#### Exercise:
Pictures do not belong in the copy. Write out exactly the lines from the one containing "GG MARMONT MEDIUM" through the end of the data.

═══ Information given

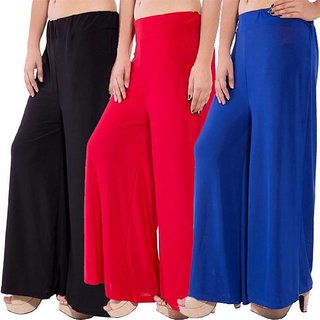                       Riya Combo pack 3  Palazzo  or pant or trousers set (free size)                                              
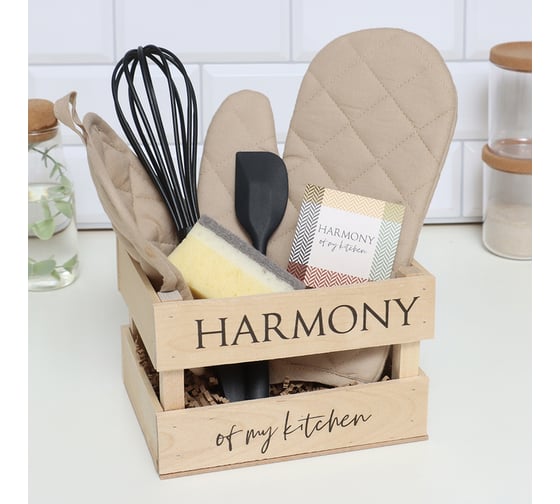 Подарочный набор Этель Harmony варежка-прихватка, прихватка, кухонная лопатка, венчик, губка 10112464 1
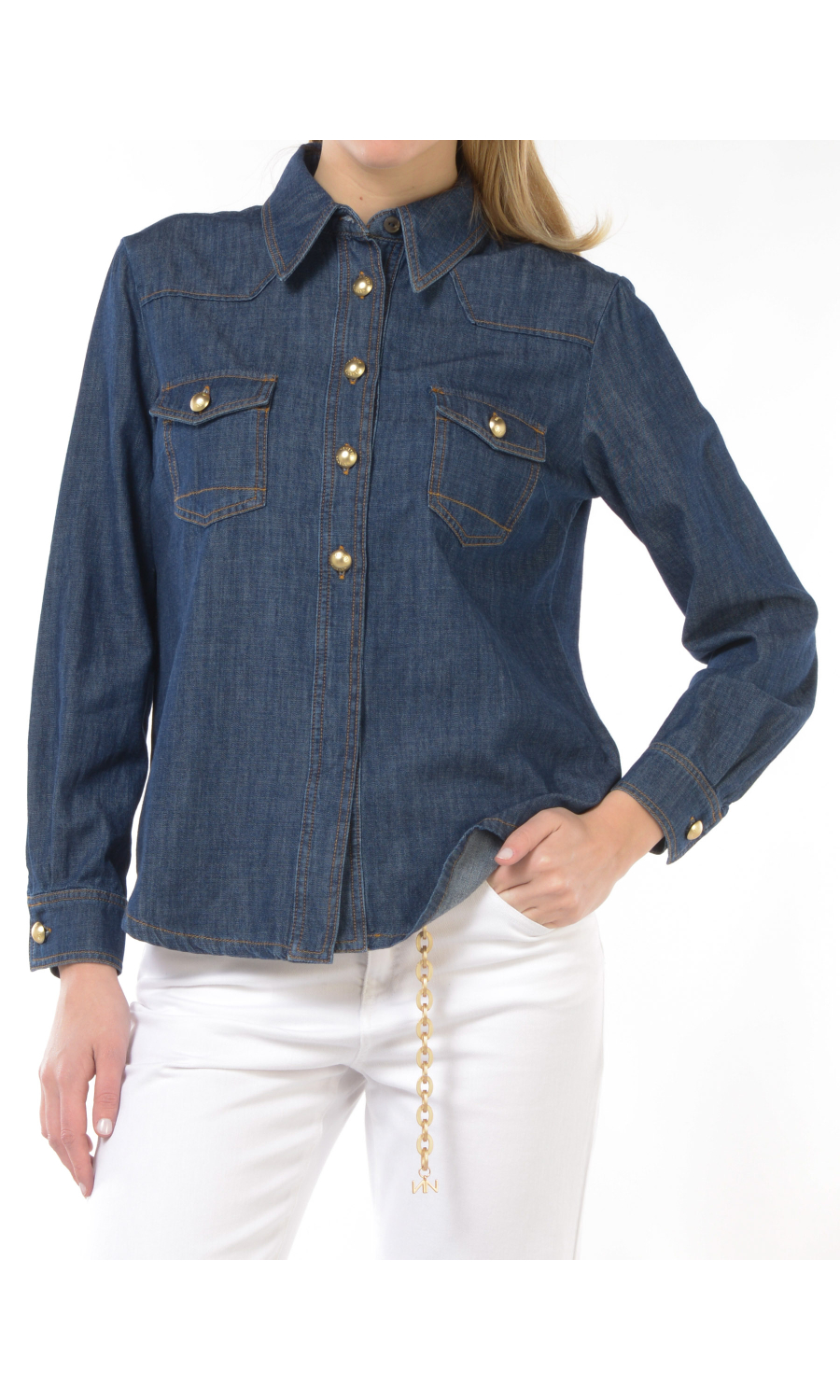 camicia da donna Nenette in denim con tasche
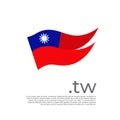 Taiwan flag. Colored stripes taiwanese flag on a white background. Vector design of national poster with tw domain, place for text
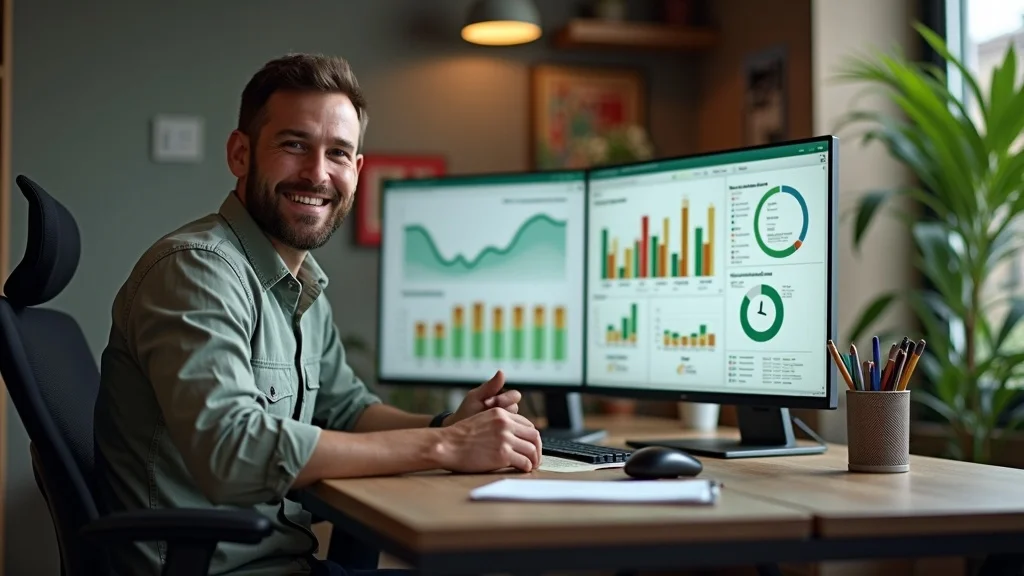 Satisfied home contractor smiling next to a split-screen dashboard showing before and after SEO audit results with green/gold and red/gray charts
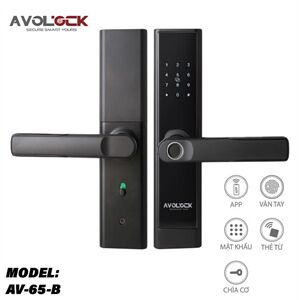 Khoá cửa gỗ vân tay Avolock AV 65 Black App wifi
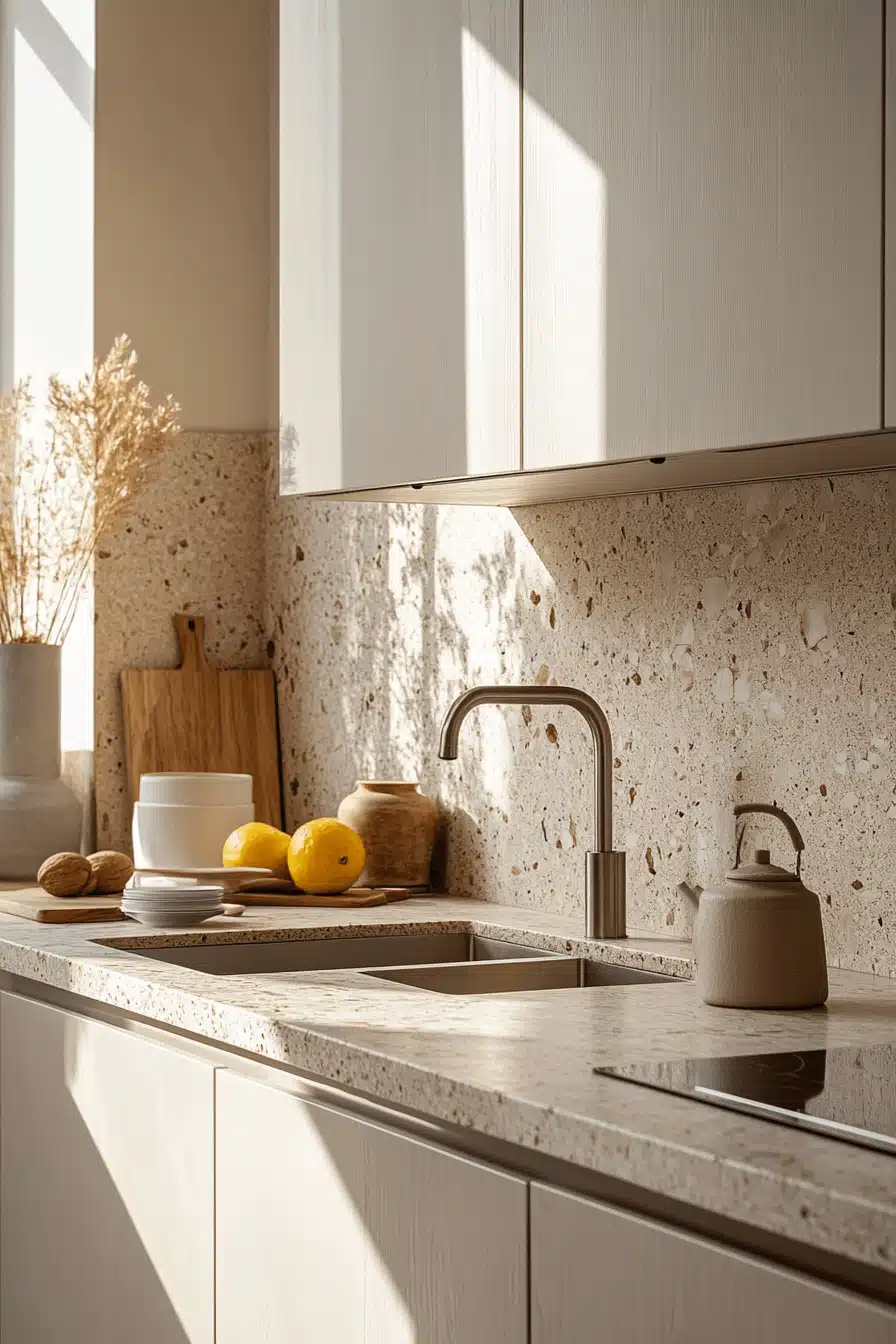 beige kitchen cabinets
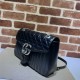 GG MARMONT MEDIUM SHOULDER BAG 443496 Leather Black High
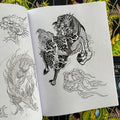 Inside pages of The Dragon Sketchbook by Erik Rieth, a line drawings and sketches tattoo book, featuring a fiery dragon horse, fiery dragon claws holding an orb, a dragon head, and a full-body dragon sketch.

══════

#### Response to this exercise:
 GG MARMONT MEDIUM SHOULDER BAG 443496 Leather Black High
 Inside pages of The Dragon Sketchbook by Erik Rieth, a line drawings and sketches tattoo book, featuring a fiery dragon horse, fiery dragon claws holding an orb, a dragon head, and a full-body dragon sketch.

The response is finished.